**RECORDS PROVIDED**
-=-=-
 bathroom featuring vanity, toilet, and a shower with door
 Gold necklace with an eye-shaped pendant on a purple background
-=-=-
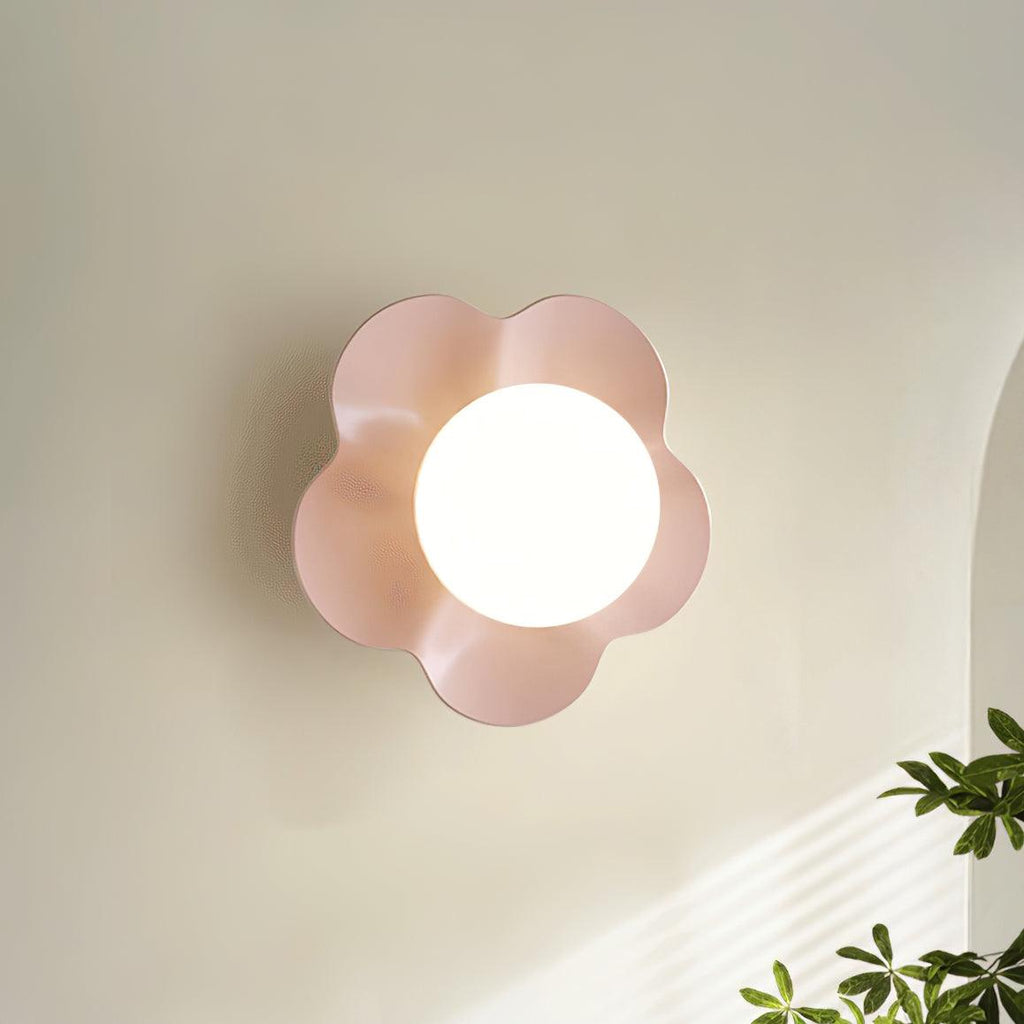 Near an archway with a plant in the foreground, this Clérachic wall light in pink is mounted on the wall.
-=-=-
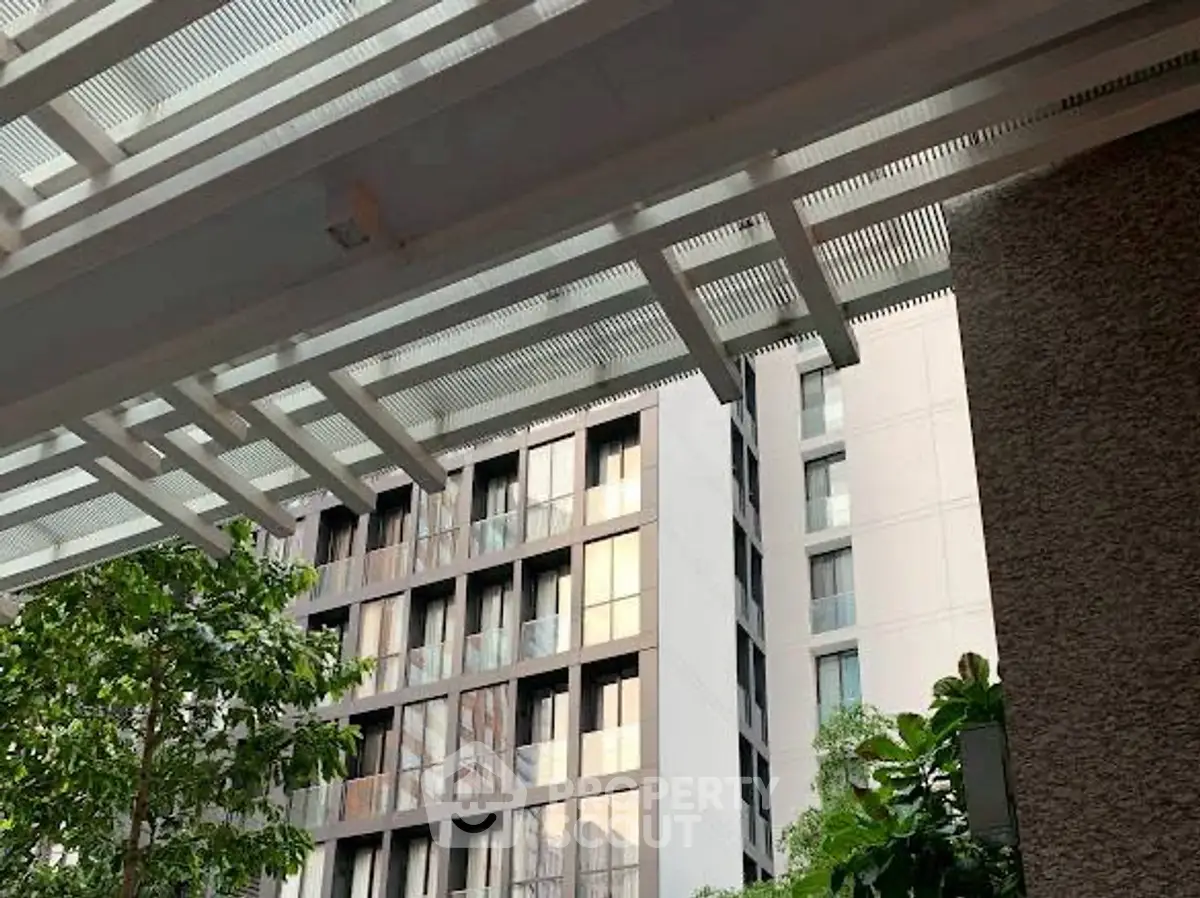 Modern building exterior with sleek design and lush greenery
-=-=-
**ASSIGNMENT**
Among the records above, extract exactly the lines from the line with "bathroom featuring vanity, toilet, and" to the line with "Gold necklace with", both lines included, and leave out the rest.

**WRITTEN SOLUTION**
 bathroom featuring vanity, toilet, and a shower with door
 Gold necklace with an eye-shaped pendant on a purple background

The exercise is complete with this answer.